History
- Name: PS Admiral Moorsom
- Namesake: Admiral Robert Moorsom (1760–1835), Royal Navy officer
- Owner: London and North Western Railway
- Operator: London and North Western Railway
- Port of registry: United Kingdom
- Route: Holyhead, Wales – Dublin, Ireland
- Builder: Barclay Curle, Glasgow, Scotland
- Yard number: 83
- Launched: September 1860
- Fate: Sunk in collision 15 January 1885

General characteristics
- Tonnage: 794 gross register tons (GRT)
- Length: 219.3 ft (66.8 m)
- Beam: 30.2 ft (9.2 m)
- Draught: 15.1 ft (4.6 m)

= PS Admiral Moorsom =

Passenger steamboat

PS Admiral Moorsom was a passenger paddle steamer operated by the London and North Western Railway (LNWR) from 1860 to 1885.

==History==

Admiral Moorsom was built by Barclay Curle of Glasgow, Scotland, and launched in 1860. She may have been named after Vice-Admiral Constantine Moorsom, who was the LNWR director responsible for steamships, or after his father Admiral Sir Robert Moorsom (1760–1835), an officer of the Royal Navy who served in the Battle of Trafalgar in 1805.
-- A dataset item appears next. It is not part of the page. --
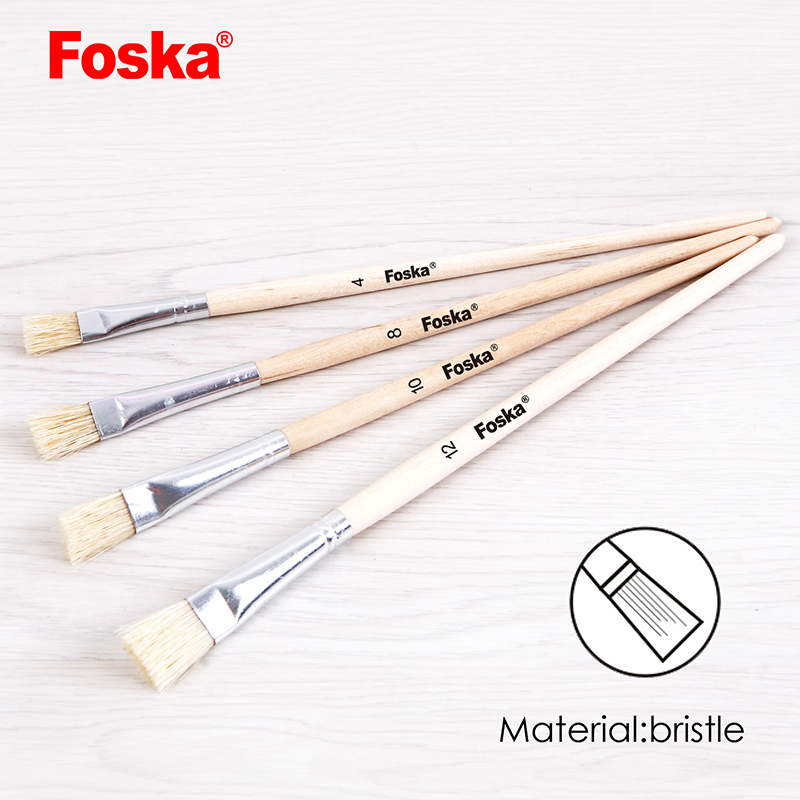 Foska 4PCS Wooden Handle Bristle Artist Oil Painting Brush Set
On 15 November 1862, she collided with in the Irish Sea off Holyhead, Anglesey and was severely damaged. RMS Ulster towed her in to Holyhead. She was run into by the American sailing ship Santa Clara in the Irish Sea off Arklow, County Wicklow, on 15 January 1885 and sank. Twenty-five people were rescued by Santa Clara and five by the steamship Falcon, but five people were lost. Admiral Moorsom was on a voyage from Dublin to Holyhead, Anglesey.